■ **PROMPT**
The answer should contain all of the records below, each one copied word for word.

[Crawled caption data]
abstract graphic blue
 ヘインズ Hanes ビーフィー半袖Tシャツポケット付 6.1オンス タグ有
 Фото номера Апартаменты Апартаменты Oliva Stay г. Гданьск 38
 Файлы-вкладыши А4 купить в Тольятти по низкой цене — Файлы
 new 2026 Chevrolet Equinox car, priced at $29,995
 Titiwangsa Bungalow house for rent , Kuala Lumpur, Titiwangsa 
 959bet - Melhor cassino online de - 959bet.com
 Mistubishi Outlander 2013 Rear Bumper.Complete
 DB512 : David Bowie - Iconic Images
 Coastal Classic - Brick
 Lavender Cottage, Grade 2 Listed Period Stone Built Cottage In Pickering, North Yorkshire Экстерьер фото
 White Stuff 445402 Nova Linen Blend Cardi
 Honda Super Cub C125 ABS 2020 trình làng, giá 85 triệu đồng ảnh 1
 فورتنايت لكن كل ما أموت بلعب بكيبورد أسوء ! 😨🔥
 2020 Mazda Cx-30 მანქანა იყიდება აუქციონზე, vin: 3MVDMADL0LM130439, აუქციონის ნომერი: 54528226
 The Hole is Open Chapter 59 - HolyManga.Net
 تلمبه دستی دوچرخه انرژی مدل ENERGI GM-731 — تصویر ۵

■ **RESPONSE TO THE TASK**
abstract graphic blue
 ヘインズ Hanes ビーフィー半袖Tシャツポケット付 6.1オンス タグ有
 Фото номера Апартаменты Апартаменты Oliva Stay г. Гданьск 38
 Файлы-вкладыши А4 купить в Тольятти по низкой цене — Файлы
 new 2026 Chevrolet Equinox car, priced at $29,995
 Titiwangsa Bungalow house for rent , Kuala Lumpur, Titiwangsa 
 959bet - Melhor cassino online de - 959bet.com
 Mistubishi Outlander 2013 Rear Bumper.Complete
 DB512 : David Bowie - Iconic Images
 Coastal Classic - Brick
 Lavender Cottage, Grade 2 Listed Period Stone Built Cottage In Pickering, North Yorkshire Экстерьер фото
 White Stuff 445402 Nova Linen Blend Cardi
 Honda Super Cub C125 ABS 2020 trình làng, giá 85 triệu đồng ảnh 1
 فورتنايت لكن كل ما أموت بلعب بكيبورد أسوء ! 😨🔥
 2020 Mazda Cx-30 მანქანა იყიდება აუქციონზე, vin: 3MVDMADL0LM130439, აუქციონის ნომერი: 54528226
 The Hole is Open Chapter 59 - HolyManga.Net
 تلمبه دستی دوچرخه انرژی مدل ENERGI GM-731 — تصویر ۵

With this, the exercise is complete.